Cincinnati is a city of downtown surface parking lots scattered across key sites, a pedestrian skywalk that ends in mid-air on the edge of Race Street, a major street halting beside the new baseball stadium, an unfinished downtown retail building awaiting its top floors -- and the dreams of what these half-realized structures might become. The development fantasies are elaborate: apartment buildings, retail stores and -- looking at the sprawling riverfront lot amidst the stadiums and the rising National Underground Railroad Freedom Center -- an entire new neighborhood built from scratch.
One key dream involves surface parking lots at the corner of Vine Street and Central Parkway. At a June 2003 street fair celebrating successful fund-raising by the Art Academy of Cincinnati in its campaign to buy and renovate two Over-the-Rhine buildings for its new home, Councilman Jim Tarbell described the spot as "where the Over-the-Rhine renaissance continues or comes to a crashing halt."
Six months after the Art Academy's summertime celebration, Tarbell has the chance to turn development fantasy into concrete reality. In September 2003, Cincinnati City Council approved a deal to build a city garage on the northeast corner of the intersection of Vine Street and Central Parkway. Tarbell's current campaign is to convince fellow council members to approve the additional funding necessary for the garage to become more than just a garage.

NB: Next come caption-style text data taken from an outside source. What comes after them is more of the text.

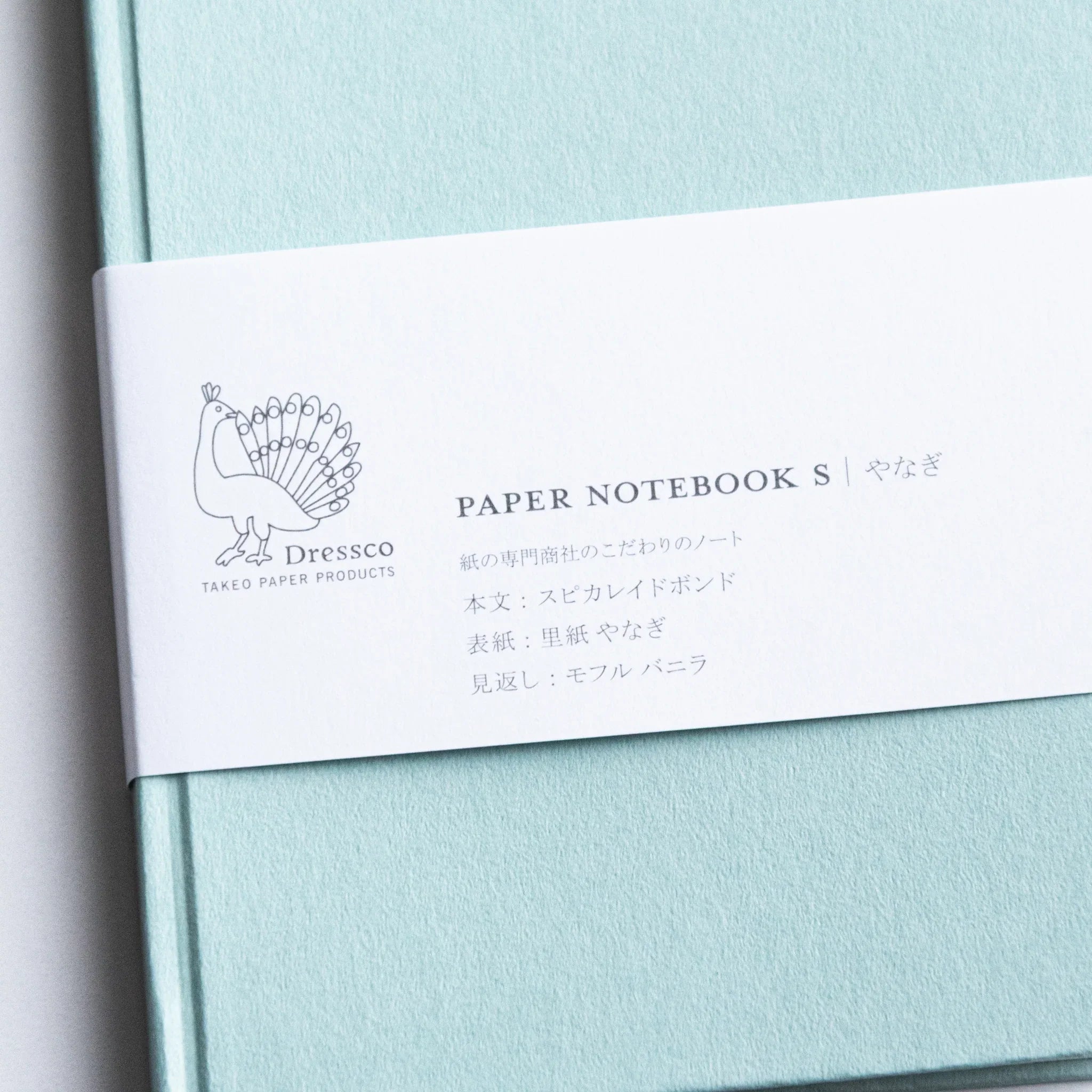 Dressco Spica Laid Bond Paper A6 notebook flat lay view showing full front cover and compact A6 format dimensions
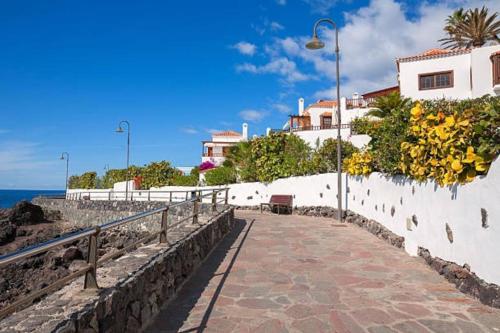 圣地亚哥港Govimar Tenerife的一条有黄色花朵的白色墙壁旁的走道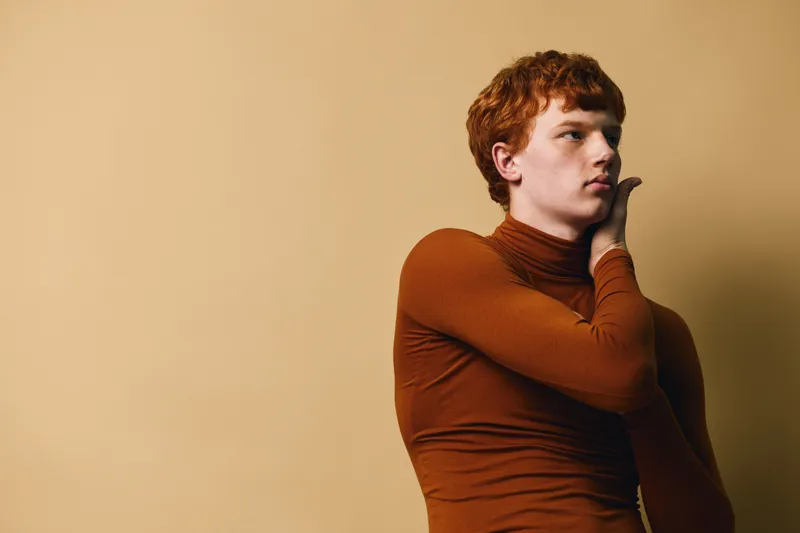 Young man with red hair wearing brown turtleneck touching face with hand looking sideways. Studio portrait with beige background showing thoughtful expression and casual style fashion.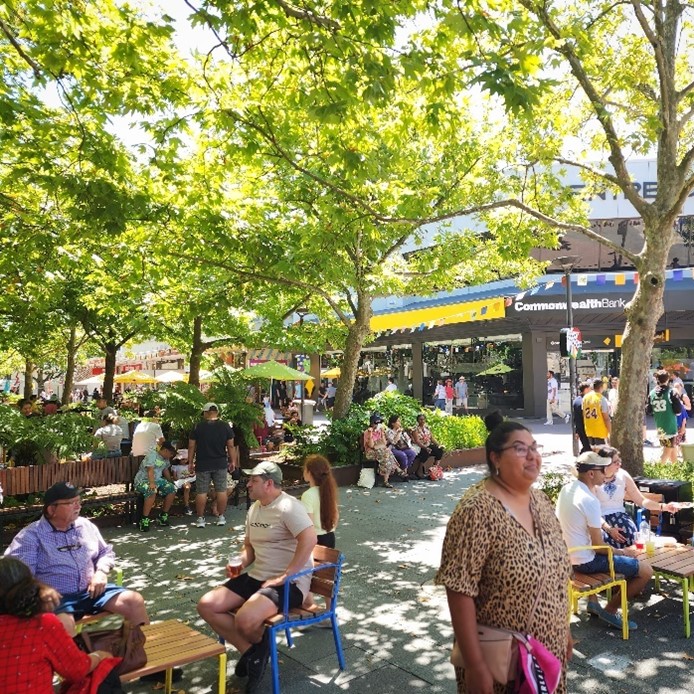 People making the most of the shade and seating in City Walk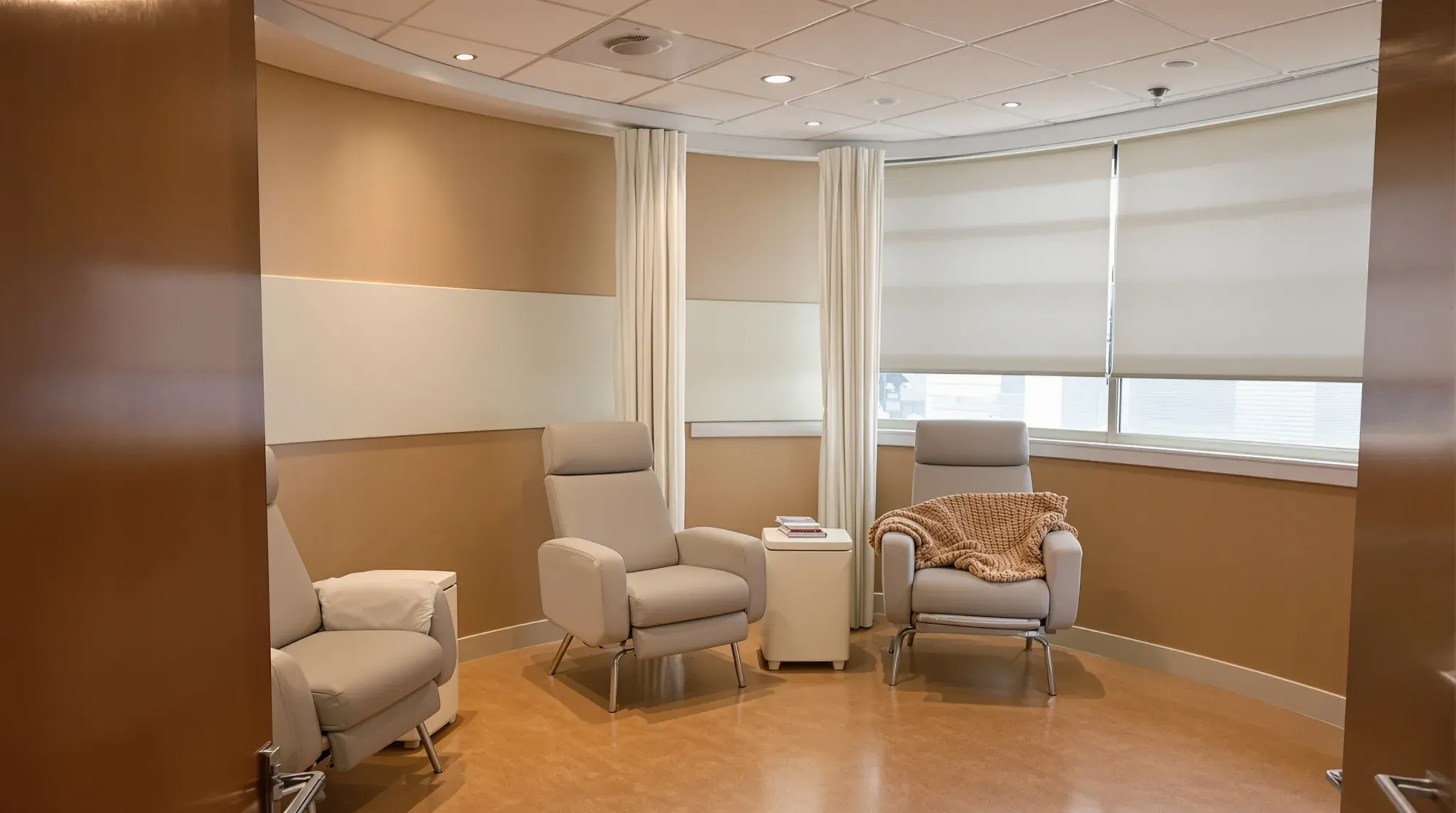 Oncology day unit treatment pod with recliner chairs, privacy curtains and blinds on the windows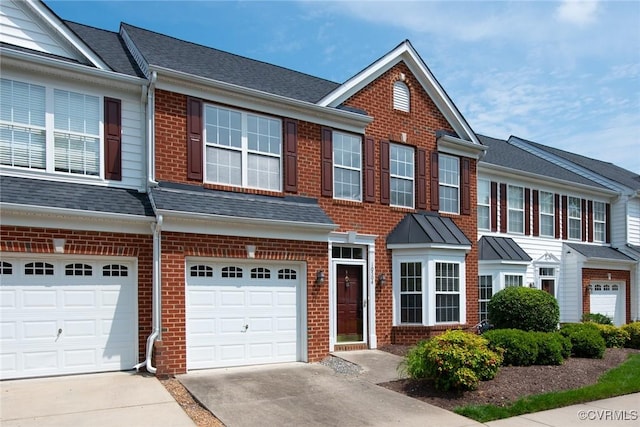 10504 Bishops Gate Dr, Glen Allen, VA 23059 - view of property featuring driveway, brick siding, and an attached garage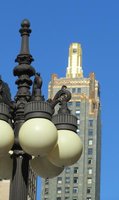 Old style lamp post in foreground; skyscraper with gold trim on top in background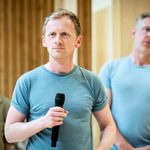 A man stands in a blue t-shirt, he is holding a microphone, he looks to the left, his face is straight. he has strawberry blonde hair. Behind him stands another man in a blue t-shirt who's face is blurred by the focus. Next to him stands a woman who is wearing a green shirt with a button polo neck, her dark hair is up in a ponytail. She is also obscured by the camera focus.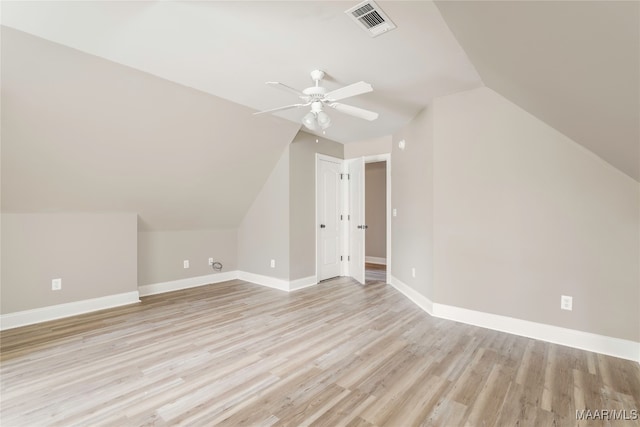 additional living space featuring light hardwood / wood-style floors, lofted ceiling, and ceiling fan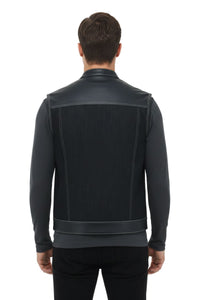 Man wearing a black leather jacket on a white background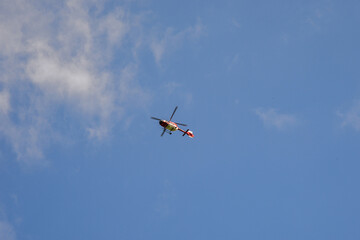 Fototapeta na wymiar helikopter hubschrauber luftrettung löschhubschrauber feuerwehr notarzt einsatz katastrophenschutz am himmel blaue wolken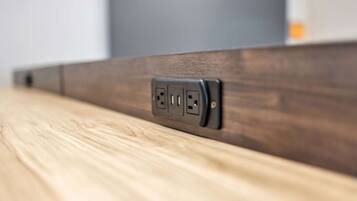 A close-up of a wall socket on a wooden surface.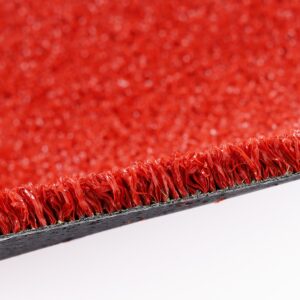 Close-up of red carpet fibers along the edge with a dark backing visible underneath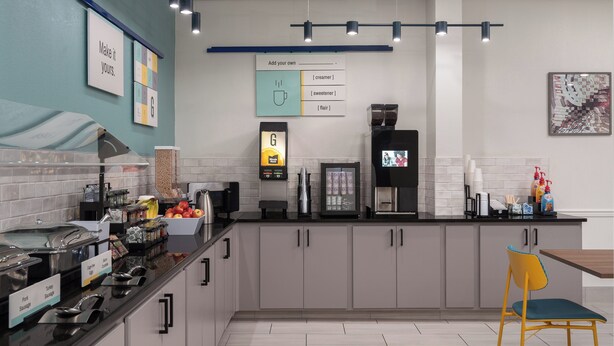 A modern kitchen with a coffee machine, a digital scale, and a variety of food items on the counter. - Garner Hotel Wytheville East by IHG (Wytheville)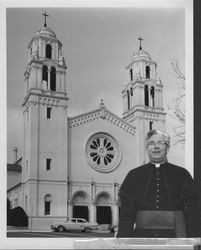 Monsignor Tillman in front of Saint Vincent de Paul Church, Petaluma, California, about 1960
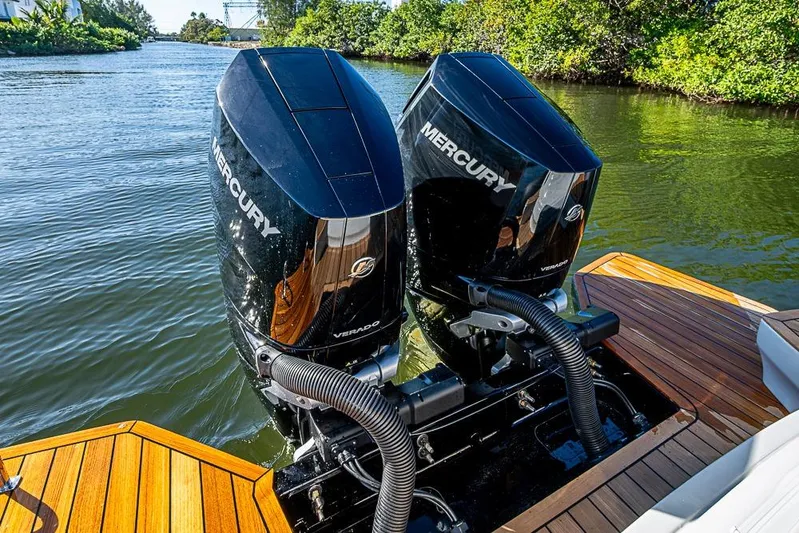  Yacht Photos Pics 2025 SACS Strider 11 with dual Mercury Verado engines on a wooden deck.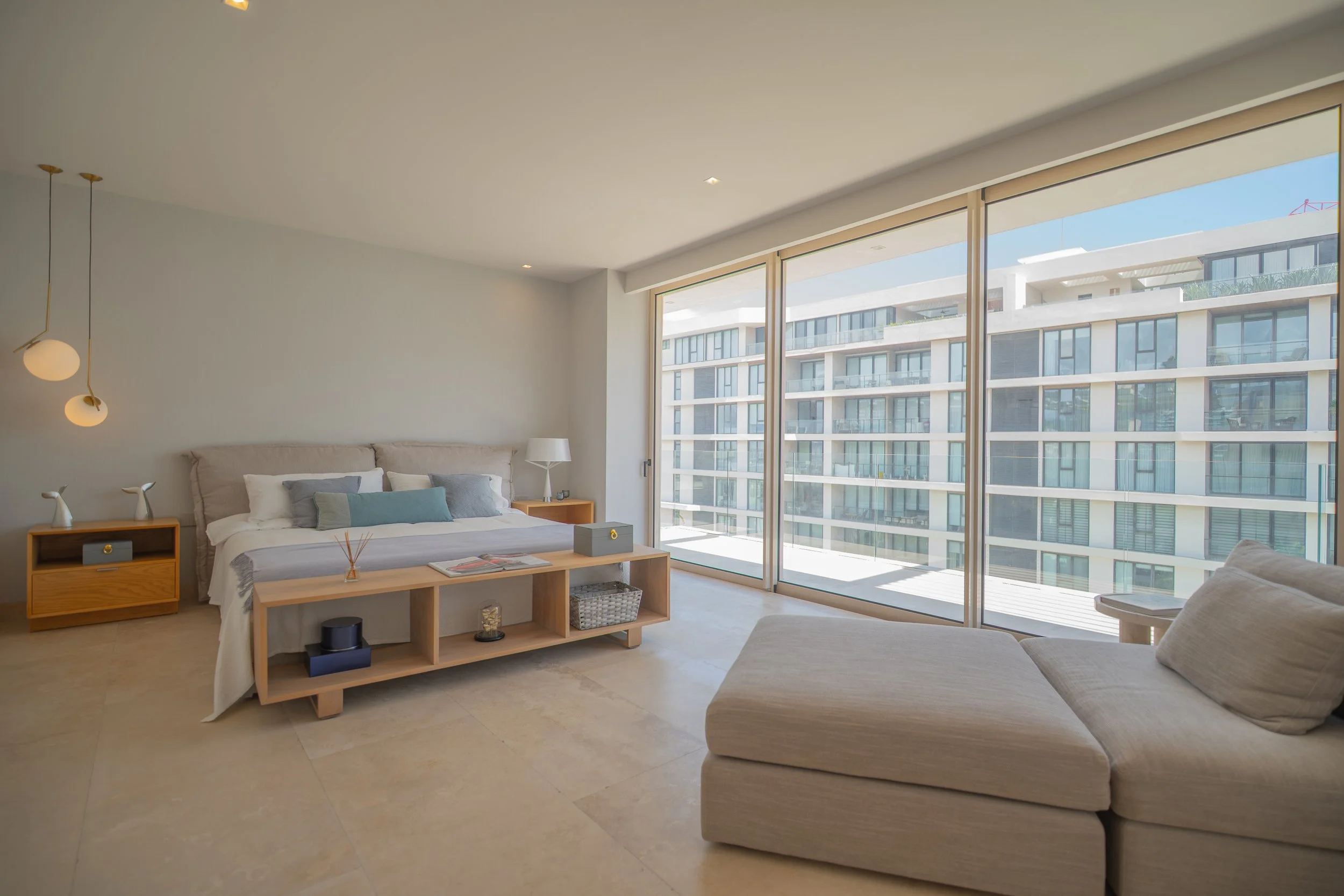 Modern apartment bedroom with bed, sectional sofa, contemporary furnishings, and floor-to-ceiling windows overlooking a neighboring building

"What's most important for me is how it progresses as a development and not just a garage," Tarbell says, speaking recently from his City Hall office while an Urban Design Review meeting in another room considers the project's latest renderings.
Tarbell envisions housing along the Vine Street side of the garage project, perhaps 25 units, and some space for first-floor retail.
"I wanted to have housing on the Central Parkway side, but the chance for that is minimal due to costs and the fact that drawings have already been completed," he says. "Now I need to get my colleagues to agree on the funding gap for the housing."
The relocation of the Art Academy to Over-the-Rhine represents the most significant investment in the historic neighborhood in recent years: $10.5 million for a new 120,000-square-foot home for students and faculty. Yet the new garage for Kroger has little to do with the Art Academy and its investment in the neighborhood. As is often the case with city-funded projects, a member of the corporate community carries the power and influence.
While Art Academy leaders were raising money for their Over-the-Rhine relocation, Kroger executives threatened to take their 1,200 downtown workers outside the city unless funding was approved to help build a garage for employees' daytime parking needs. Like many City Hall deals, the process has been complicated and politically charged, involving land owned by Kroger and a structure that reverts to Kroger ownership after debts are paid.
Still, after debate and compromises, the Kroger garage will be built by a March 2005 deadline.
The undecided factors include the garage's final plans and, more importantly, how the parking spaces will be divided between Kroger and its surrounding neighbors, the Art Academy and Ensemble Theatre of Cincinnati (ETC).
ETC Producing Artistic Director D. Lynn Myers is busy in rehearsals for A Lesson Before Dying, a story set in 1940s Cajun Country about a young innocent man on Death Row and a schoolteacher hired to "teach him to die like a man." Still, she continues to think about the impending garage at the theater's front door.
Myers admits that ETC is in a good position to bargain with Kroger since the theater needs parking in the evening. Her main concern is where ETC patrons will park during the garage's construction -- right now they use the surface lots.
Art Academy President Greg Smith faces greater challenges. He needs daytime spaces for students and faculty, and he's uncertain how many, if any, of the garage's spaces will be available to his organization.
For the moment, Tarbell is pushing to complete the garage's design.
"I'm focusing on how bold a look it should have," he says. "It should look like a gateway. I'm thinking something along the ghost of Gaudi or a type of curtain, a medallion or a piece of sculpture that announces, 'This as an arts district.' "
These design ideas all require money. The Art Academy, a small private college, has already paid a princely sum for its new digs. Will Kroger follow suit?